My Decks: EDH: Sygg, River Cutthroat , Road to Scion
Grimgrin, Corpseborn Modern: Polytokes IRL: Progenitus Polymorph , Goblins
In a 12-turn game (this is already pretty long to be surviving ... your deck had better be super defensive), you see about half your deck. In 12 turns your opponent has 40-7-12=21 cards left in their deck. If you want to win by mill, you needed to cast 3 Mind Sculpts. Since you only saw half your deck, that means your deck has 6 Mind Sculpts. Basically, if you drafted 5 or fewer Mind Sculpts, I would shelve the idea of making the mill deck. Even with 6 Mind Sculpts, I seriously doubt your deck's ability to defend until turn 12 when 6 of the spells in your deck does nothing to help you defend or mess with your opponent's board position.
If you're insistent on winning off the back of bad cards though, you might as well throw a Profane Memento in there as well
Unless you have a good control deck (which is VERY hard to do with multiple Mind Sculpts in your deck), you will probably need at least 6-7 Mind Sculpts to have any real chance of milling someone out. If you can get that many in a draft, go for it - but it's pretty unlikely. I agree with Hardened that the best way to leverage Mind Sculpt is with other graveyard-based cards. Unfortunately, most of the payoffs for filling graveyards come in green and black, which already have fine enablers (Satyr Wayfinder, Necromancer's Assistant) that actually help on the board. The GB Graveyard deck does not need to splash blue for a subpar enabler like Mind Sculpt.
A more likely way to mill someone out is to build a strong control deck that has a Grindclock as one of its finishers. It's a very slow wincon that doesn't affect the board, but it will get the job done eventually if they don't have any artifact destruction available. However Torch Fiend and Naturalize are both commons in this format and are both borderline maindeckable. I'd rather use a few good fliers or green fatties to close out the my control deck's games - they can block if necessary.
In conclusion, I don't think milling your opponent out is a thing in M15. I've had 3 different opponents try it against me - none of them beat me, and it generally wasn't close.
It's just not really viable in M15 due to the lack of additional support for it. In m14 we had Tome Scour, Millstone and Archeomancer at common and uncommon. Blue was also so good in it, that taking the available blue playables and then prioritizing mill was really pretty viable.
suppose i manage to draft three (or four) mind sculpt. i really like mind sculpt!
what's the best kind of deck that i could make to make mind sculpt "work" as best as it can? is mill even possible in this format? what makes mind sculpt a bad card, and what are the best ways to minimize the effects of those bad aspects?
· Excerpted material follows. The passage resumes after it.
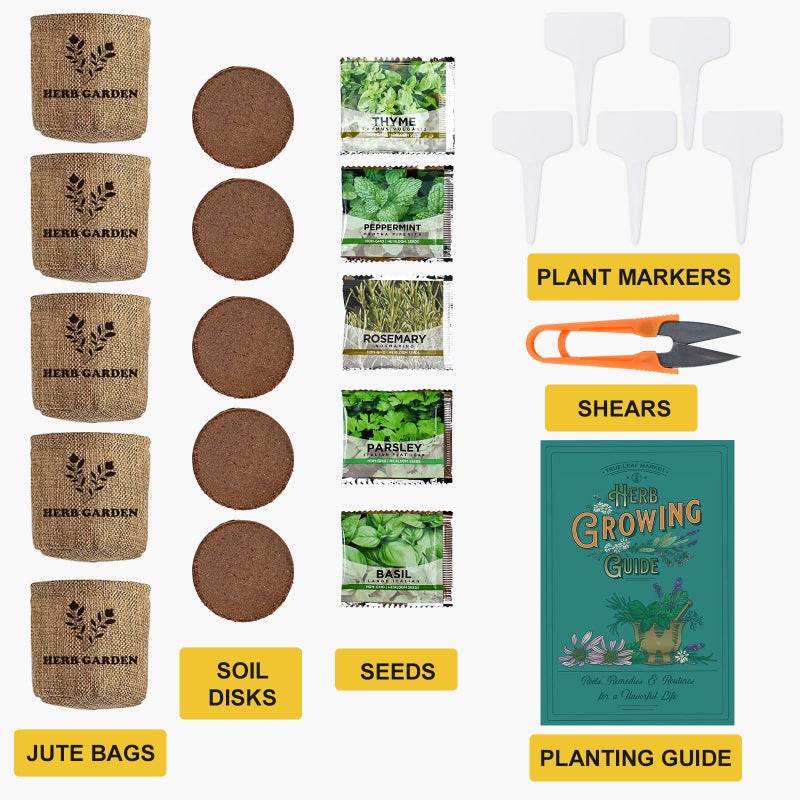 Meekear Indoor Herb Garden Starter Kit, 5 Non-GMO Herb Seeds - Basil, Parsley, Rosemary, Thyme, and Mint with Complete Planting Set Including Jute Bags, Markers, Soil Disks, Shears for Kitchen Herb Garden DIY  - Image 2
Mind Sculpt as a card is a skill tester. It's not meant to be played in decks.
It can only really be good if you're milling yourself. So a deck built around Undergrowth Scavenger seems like your best bet.
alfindeol, it's a good point you make, about m14 having more support [archeomancer and, well, being able to control the board enough to force long games] to try to live the dream in milling out your opponent.
and randomdragoon, your analysis is very sobering, about only seeing on average half your deck in a 12-turn game, and thus needing about 5-6 mind sculpts for mill to actually do stuff. sigh.
i like the idea of trying to make it work, though; if i get get one win from milling out my opponent out of a night of FNM, i'll be happy.
In conclusion, I don't think milling your opponent out is a thing in M15. I've had 3 different opponents try it against me - none of them beat me, and it generally wasn't close.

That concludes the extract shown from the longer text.